Punk, Mode und viel Show
Die britische Designerin und Aktivistin Vivienne Westwood wird 80
LONDON (dpa) - Der Gedanke, dass anlässlich ihres runden Geburtstags auf ihre Lebensgeschichte und ihre Karriere zurückgeblickt wird, dürfte Vivienne Westwood ein Graus sein. „Müssen wir das alles besprechen“, meckerte sie schon in dem sehenswerten Dokumentarfilm „Westwood: Punk, Icon, Activist“, der 2018 Premiere hatte. „Das ist so langweilig.“Stimmt natürlich nicht.

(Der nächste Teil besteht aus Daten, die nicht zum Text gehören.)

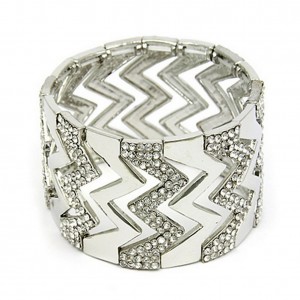 Bracelet – 12 PCS Stretchable Bracelets - Rhinestone Paved Zigzag - Clear - BR-81229CR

Langweilig war kaum etwas in Westwoods Leben. Aber statt über ihre Vergangenheit zu sprechen, richtet die Mode-Anarchistin und Aktivistin, die an diesem Donnerstag 80 Jahre alt wird, die Aufmerksamkeit lieber auf ihre politischen Anliegen.

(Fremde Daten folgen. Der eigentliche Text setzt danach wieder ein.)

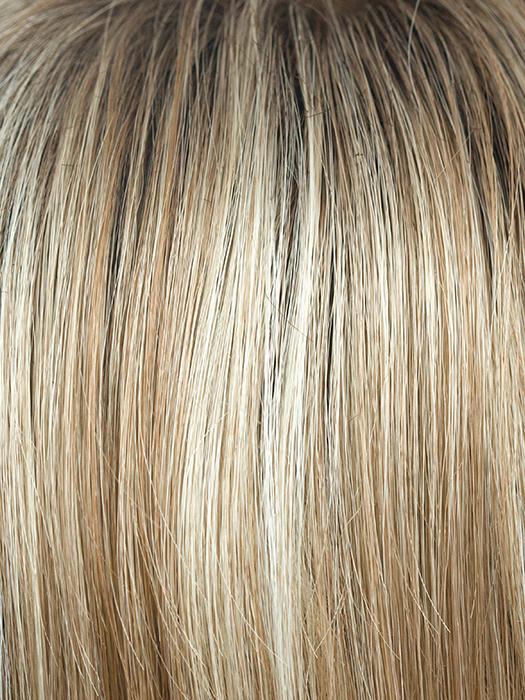 Sugar Cane-R | Medium Brown rooted, Platinum Blonde and Strawberry Blonde 50/50 blend base with Light Auburn highlights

So sorgte sie im vergangenen Jahr mit dem Protest für die Freilassung von Wikileaks-Gründer Julian Assange für Aufsehen. Im knallgelben Outfit saß sie vor einem Gerichtsgebäude in London in einem überdimensionalen Vogelkäfig. „Ich bin Julian Assange!“, rief sie in ihr Megafon und: „Die Welt ist korrupt!“Sie schien sich in der Rolle zu gefallen.
Seit Langem engagiert sich die Britin für Menschenrechte, Frieden, Tierschutz und gegen den Klimawandel. Die große Show gehört stets dazu, wenn sich Westwood inszeniert. 2015 ließ sie sich in einem weißen Panzer zum Privathaus des damaligen Premiers David Cameron fahren, um gegen Gasgewinnung durch Fracking zu protestieren.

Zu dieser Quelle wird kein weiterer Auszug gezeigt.